FX has made the interesting decision to air Louie’s 14-episode fourth season across seven Mondays, burning two installments a night. This might seem dismissive, but it’s actually quite smart. Louie’s ratings are anything but robust — not that it much matters; FX boss John Landgraf loves the show and not only because it’s incredibly cheap to produce — and this gives fans more reason to celebrate and newbs more opportunity to sample. One doesn’t exactly binge on Louie, anyway. One picks at all the different flavors like televised tapas. Find something distasteful? Treat it like the weather in San Francisco and wait.

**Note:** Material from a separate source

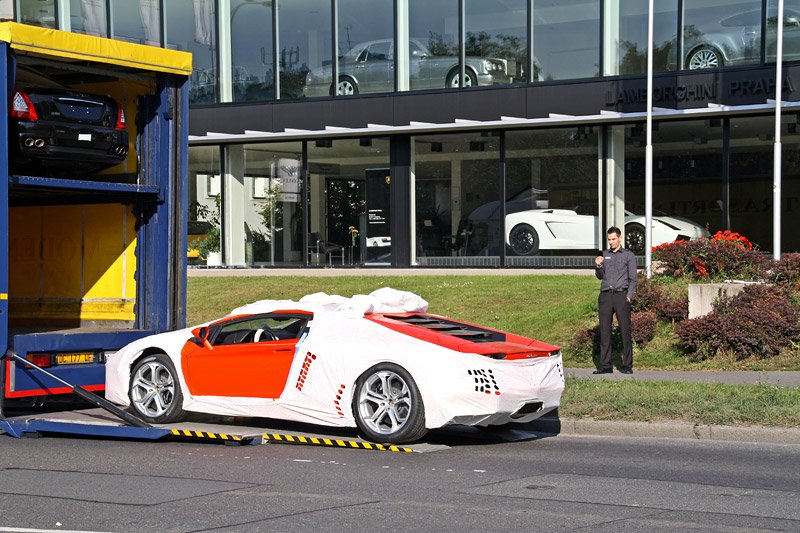 Lamborghini Aventador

It’s a strategy that will bear fruit tonight, especially. The first half hour, titled “Back,” is pure bliss. It opens with a set piece that is one of the single funniest things I can remember watching on television. I won’t spoil it here. Suffice it to say it will ring particularly true for anyone who has ever had the misfortune of sleeping in a city apartment with windows that face the street. From there, the episode meanders along like a perfect (and perfectly odd) day in Manhattan. There’s some great stuff with the kids, some better stuff with a gang of poker-playing comedians. There’s a painful visit to a sex shop, a discreetly purchased vibrator, and a delightful cameo by Charles Grodin. (Sorry, Midnight Run’shippers: Grodin never personally handles the Magic Wand.) It’s hilarious and digressive, but also totally specific. This isn’t a window into Louis C.K.’s life — it’s a peephole directly into his fidgety id.

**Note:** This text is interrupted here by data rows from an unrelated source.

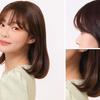 VODANA Mini Fer à Lisser de Poche - [STYLING CHEVEUX CORÉEN] Redresseur de Cheveux Céramique Portable avec Tension Universelle & Pochette de Voyage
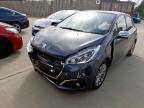 2016 PEUGEOT 208 1.2 PURETECH 82 ALLURE 5DR ETG5 for sale at Copart SANDY
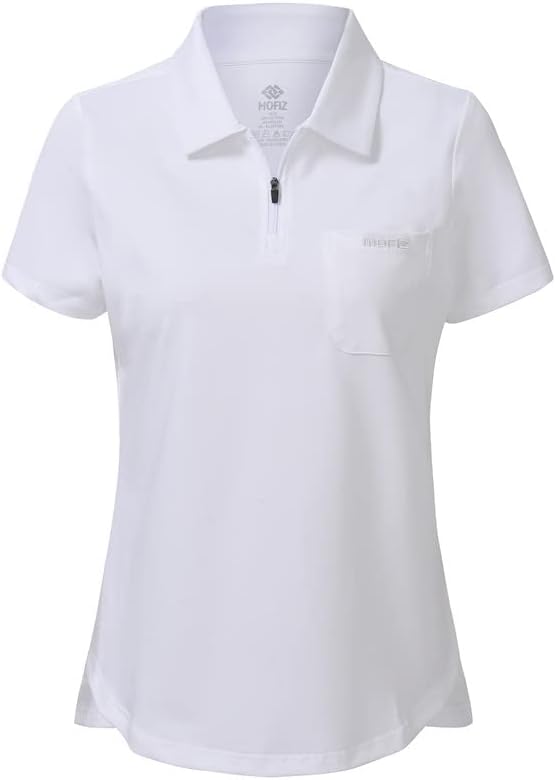 חולצות גולף של שרוולים קצרים של נשים חולצות גולף לבוש חולצות אתלטיות מהירות יבש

The second half hour springs from a similar place but with less pleasing results. “Model” features the welcome, sour presence of Jerry Seinfeld (in full “disapproving one-percenter” mode) and a terrific, vibrant performance from Yvonne Strahovski. (I only wish the producers of 24: Live Another Day, also premiering tonight, would let her have this much fun.) The scenario tap-dances to the tune of some of C.K.’s more overt insecurities (clothes, money, women — and also naked, rich women) and takes great advantage of its snooty Hamptons setting. But there’s a pitch-black turn midway through that’s played for chuckles in a way I found difficult to swallow. This was disappointing but not entirely unexpected. Personal rabbit holes can be tough for outsiders to navigate. It’s a challenge for any artist to help us trace the line that separates comic flights of fancy from murky dives into the depths of neurosis — just ask any of C.K.’s heroes, from Woody Allen (whose trademark style seems to have influenced Louie’s austere new opening) to Bill Hicks. The triumph of Louie isn’t the impressive number of times Louis C.K. succeeds. It’s the bravery and grace with which he allows us to watch him fail.